The second sum returns the empty-sum value without raising. Keep the iterable and call iter() again, or materialise into a list. If your 'iterable' is really a generator function, re-call the function each time.

2. Mutating a list while iterating it

items = [1, 2, 3, 4, 5]
for x in items:
    if x % 2:
        items.remove(x)        # '3' survives!

The iterator holds an index internally; removing shifts elements out from under the loop. dict and set raise RuntimeError: dictionary changed size during iteration instead of silently misbehaving. Fix: build a new list, or iterate a copy.

3. return value inside a generator

A return from a generator stops iteration; a return value attaches value to the StopIteration exception, which for loops discard. If you want to return something, write a regular function — not a generator.

4. Late binding in generator expressions

gens = [(i + x for x in range(2)) for i in range(3)]
for g in gens:
    print(list(g))    # [2, 3], [2, 3], [2, 3] — all see final i

Each generator sees the current value of i at consumption time, not the value when it was created. Fix: capture via a helper function or a default argument so binding happens per call.

5. iter() on a callable

iter(fn) raises TypeError — functions aren't iterable. The two-argument form iter(fn, sentinel) calls fn() repeatedly until it returns the sentinel. Handy for 'read until empty' loops.

6. next(it) instead of next(it, default)

Single-argument next raises StopIteration on exhaustion. Inside a for loop that's fine. Leaking StopIteration out of your own code is confusing, and inside a generator it triggers PEP 479 errors.
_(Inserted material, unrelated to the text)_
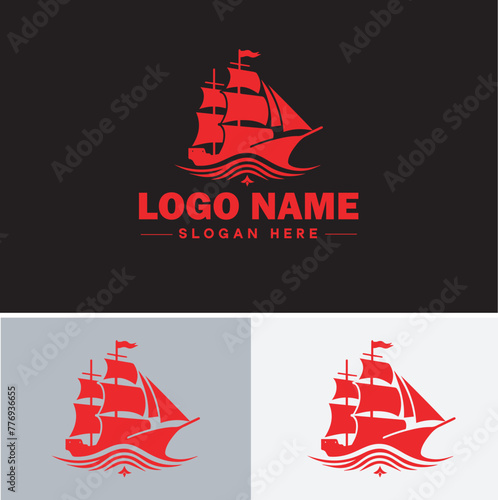 ship sea shipping cargo cruise ocean ship boat logo icon vector for business app silhouette logo template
Pass a default unless you specifically want the exception.

7. min/max/sum on empty input

min and max raise ValueError; sum quietly returns 0. Pass a default= argument when the stream might be empty.

8. Forgetting to consume

def shouts(xs):
    for x in xs:
        print(f'shouting {x}')
        yield x.upper()

shouts(['hi', 'there'])     # nothing happens

A pipeline does no work until something drives it. Wrap in list(...), iterate with for, or pass to a reducer. No consumer, no output.

9. sorted(huge_iterable) eats memory

sorted has to see every element before it can return one. For huge streams that kills the constant-memory property of the rest of your pipeline. If you only need top-k, heapq.nlargest(k, iterable) is O(n) time and O(k) memory.

10. groupby sub-iterators expire

saved = [(k, g) for k, g in groupby(items, key=...)]
for k, g in saved:
    print(list(g))     # all empty

Sub-iterators are only valid while the outer loop is on that iteration. Materialise list(group) inside the loop if you need to use it later.

11. filter vs. takewhile/dropwhile

filter(pred, it) scans the whole stream; takewhile(pred, it) stops at the first non-match. If you want 'keep until I see X', reach for takewhile — don't use filter and break out manually.

When it isn't a bug

Several of these are patterns, not absolute rules. Exhausting an iterator deliberately (to 'consume the rest') is fine. Late binding is sometimes what you want — a generator that reacts to the current state of a shared variable. Building a list(...) of a stream is fine when the stream comfortably fits in memory.

The traps bite when the shortcut is applied reflexively to a case where the defaults don't match the intent. If you're seeing a bug from this list, the fix is almost always small; if the shortcut is correct, move on.